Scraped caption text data
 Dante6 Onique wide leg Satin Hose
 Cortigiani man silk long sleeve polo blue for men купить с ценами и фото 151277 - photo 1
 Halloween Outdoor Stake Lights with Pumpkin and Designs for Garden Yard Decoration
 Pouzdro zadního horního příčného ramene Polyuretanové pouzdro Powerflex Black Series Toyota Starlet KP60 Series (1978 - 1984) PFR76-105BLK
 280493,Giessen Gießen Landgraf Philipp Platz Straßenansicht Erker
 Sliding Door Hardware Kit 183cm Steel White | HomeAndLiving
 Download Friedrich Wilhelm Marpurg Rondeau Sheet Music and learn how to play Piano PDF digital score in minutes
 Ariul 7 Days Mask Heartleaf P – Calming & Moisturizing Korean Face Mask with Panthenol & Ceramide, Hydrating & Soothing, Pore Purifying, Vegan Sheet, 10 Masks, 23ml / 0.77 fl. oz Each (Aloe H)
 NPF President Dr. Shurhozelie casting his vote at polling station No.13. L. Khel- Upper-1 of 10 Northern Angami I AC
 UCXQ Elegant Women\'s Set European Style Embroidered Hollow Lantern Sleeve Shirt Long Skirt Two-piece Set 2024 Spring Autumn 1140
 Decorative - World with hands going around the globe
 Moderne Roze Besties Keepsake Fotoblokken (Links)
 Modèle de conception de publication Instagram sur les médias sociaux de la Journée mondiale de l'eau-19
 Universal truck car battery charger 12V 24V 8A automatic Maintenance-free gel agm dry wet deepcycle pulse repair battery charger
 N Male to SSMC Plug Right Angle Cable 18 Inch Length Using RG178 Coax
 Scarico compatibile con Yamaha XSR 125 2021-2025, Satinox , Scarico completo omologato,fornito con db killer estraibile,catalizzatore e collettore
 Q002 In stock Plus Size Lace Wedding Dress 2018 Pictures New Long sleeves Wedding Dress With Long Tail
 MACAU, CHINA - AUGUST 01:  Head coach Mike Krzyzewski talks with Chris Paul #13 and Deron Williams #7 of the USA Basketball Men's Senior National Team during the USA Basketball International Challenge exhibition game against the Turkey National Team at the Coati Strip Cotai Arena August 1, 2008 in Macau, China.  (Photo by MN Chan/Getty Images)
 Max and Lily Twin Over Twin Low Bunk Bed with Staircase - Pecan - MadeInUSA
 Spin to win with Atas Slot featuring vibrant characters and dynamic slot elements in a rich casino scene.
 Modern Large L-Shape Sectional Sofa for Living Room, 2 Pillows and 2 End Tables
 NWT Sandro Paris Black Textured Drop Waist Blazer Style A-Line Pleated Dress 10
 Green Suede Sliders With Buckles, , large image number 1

**Exercise instructions**
Every entry is to be transcribed exactly as it stands.

**Task solution**
 Dante6 Onique wide leg Satin Hose
 Cortigiani man silk long sleeve polo blue for men купить с ценами и фото 151277 - photo 1
 Halloween Outdoor Stake Lights with Pumpkin and Designs for Garden Yard Decoration
 Pouzdro zadního horního příčného ramene Polyuretanové pouzdro Powerflex Black Series Toyota Starlet KP60 Series (1978 - 1984) PFR76-105BLK
 280493,Giessen Gießen Landgraf Philipp Platz Straßenansicht Erker
 Sliding Door Hardware Kit 183cm Steel White | HomeAndLiving
 Download Friedrich Wilhelm Marpurg Rondeau Sheet Music and learn how to play Piano PDF digital score in minutes
 Ariul 7 Days Mask Heartleaf P – Calming & Moisturizing Korean Face Mask with Panthenol & Ceramide, Hydrating & Soothing, Pore Purifying, Vegan Sheet, 10 Masks, 23ml / 0.77 fl. oz Each (Aloe H)
 NPF President Dr. Shurhozelie casting his vote at polling station No.13. L. Khel- Upper-1 of 10 Northern Angami I AC
 UCXQ Elegant Women\'s Set European Style Embroidered Hollow Lantern Sleeve Shirt Long Skirt Two-piece Set 2024 Spring Autumn 1140
 Decorative - World with hands going around the globe
 Moderne Roze Besties Keepsake Fotoblokken (Links)
 Modèle de conception de publication Instagram sur les médias sociaux de la Journée mondiale de l'eau-19
 Universal truck car battery charger 12V 24V 8A automatic Maintenance-free gel agm dry wet deepcycle pulse repair battery charger
 N Male to SSMC Plug Right Angle Cable 18 Inch Length Using RG178 Coax
 Scarico compatibile con Yamaha XSR 125 2021-2025, Satinox , Scarico completo omologato,fornito con db killer estraibile,catalizzatore e collettore
 Q002 In stock Plus Size Lace Wedding Dress 2018 Pictures New Long sleeves Wedding Dress With Long Tail
 MACAU, CHINA - AUGUST 01:  Head coach Mike Krzyzewski talks with Chris Paul #13 and Deron Williams #7 of the USA Basketball Men's Senior National Team during the USA Basketball International Challenge exhibition game against the Turkey National Team at the Coati Strip Cotai Arena August 1, 2008 in Macau, China.  (Photo by MN Chan/Getty Images)
 Max and Lily Twin Over Twin Low Bunk Bed with Staircase - Pecan - MadeInUSA
 Spin to win with Atas Slot featuring vibrant characters and dynamic slot elements in a rich casino scene.
 Modern Large L-Shape Sectional Sofa for Living Room, 2 Pillows and 2 End Tables
 NWT Sandro Paris Black Textured Drop Waist Blazer Style A-Line Pleated Dress 10
 Green Suede Sliders With Buckles, , large image number 1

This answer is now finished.